When receiving SQL queries from applications or users 1300, the SQL processor 1500 processes the SQL query through a scheduler 1400, which is configured to divide the SQL query into sub-operations associated with the query. The scheduler 1400 then dispatches the sub-operations to either the general HW 1100 or the special HW 1200 to best performance for both technologies.

Example implementations described herein are directed to increasing the usage of special HW 1200 on operations for SQL queries as appropriate. Special hardware 1200 can generally only operate on a subset of operations related to an SQL query, thus, example implementations described herein determine appropriate transform operations to reduce the number of operations associated with the SQL query conducted on general HW 1100 and instead have operations processed on special HW 1200 instead. To facilitate such example implementations, the workload characteristics (e.g., pattern of requests from users/applications 1300) are retrieved from the history by the transform optimizer and analyzed to determine what transform operations can be incorporated to convert the operation over to the special HW 1200. Such analysis is balanced against the processing time of the queries, the processing time of conducting such a transform, as well as the capacity consumed for the transformed data, examples of which are shown in FIGS. 3 and 4. For example, the transformed data can increase storage requirements because additional transforms are required. Based on the analytics, the transform operation for the SQL query is modified to facilitate the SQL query for special HW 1200 by the transform optimizer.

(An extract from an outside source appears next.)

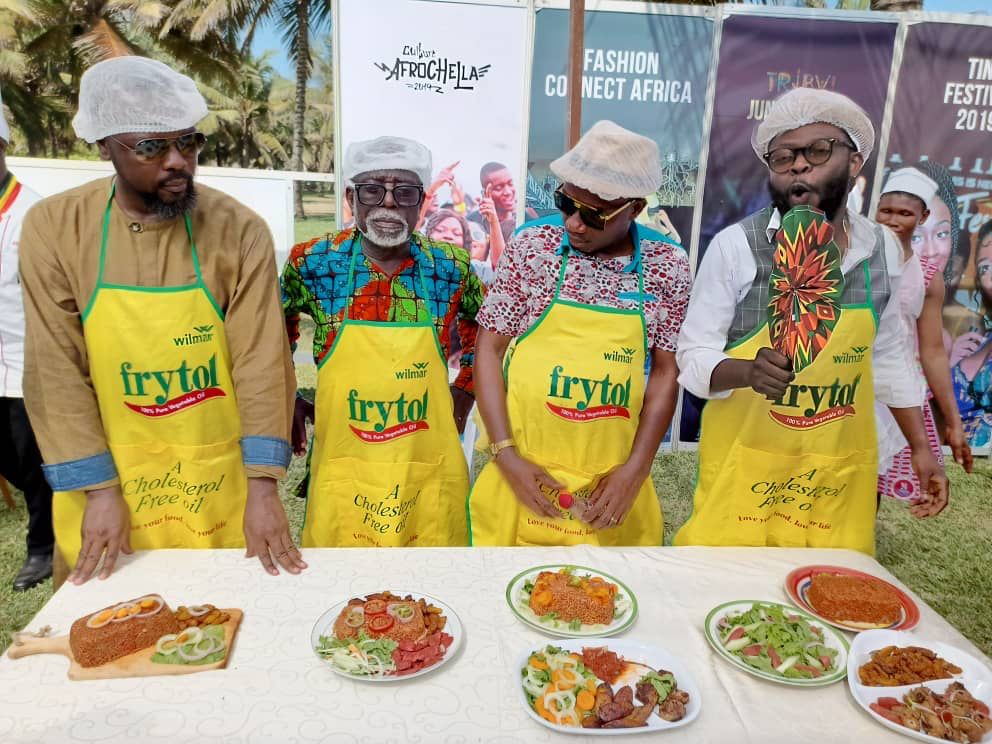 You are currently viewing Jollof, Fufu and More at Ghana’s First EAT GHANA FOOD FAIR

As will be described herein, examples of transform operations to data that transforms the data for specialized processing by special HW 1200 can include, but is not limited to, a join operation (e.g., to form a table that meets the size and dimension parameters of the special HW 1200), splitting a table to multiple tables (e.g., for processing individually by special HW 1200 based on the division) dividing the columns (e.g., if special HW 1200 can only operate on a certain number of columns for a table, then the table is divided into multiple columns), text to numbers (e.g., number represents a hash value of the text as recognized by special HW 1200), and so on in accordance with the desired implementation.

The table join operation includes joining two or more tables having the same type of columns to one table. FIG. 2 illustrates an example table join operation, in accordance with an example implementation. In FIG. 2 the table join operation joins Team table and Employee table into a table including team_id, team_name, employee_id, and employee_name.

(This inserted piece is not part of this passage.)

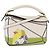 LOEWE - Borsa Puzzle Mini Ghibli Spirited Away Ootori Sama 2way Auth 167151SM Bianco Verde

The splitting table operation splits a table to multiple tables by row or columns. An example of a splitting table operation can include removing employee_id from the joined table in FIG. 2, or splitting the table into a table with the first three entries table and a table with the last three entries, depending on the desired implementation.

The transform optimizer retrieves the characteristic of SQL queries by monitoring transactions, or receiving histories from the purpose built analytics systems. The transform optimizer also retrieves the computation cost of transform operations. The transform optimizer analyzes the characteristics by using the retrieved information, in terms of processing time of queries, processing time of transform and capacity consumed of storing transformed data in the data store of purpose built analytics system.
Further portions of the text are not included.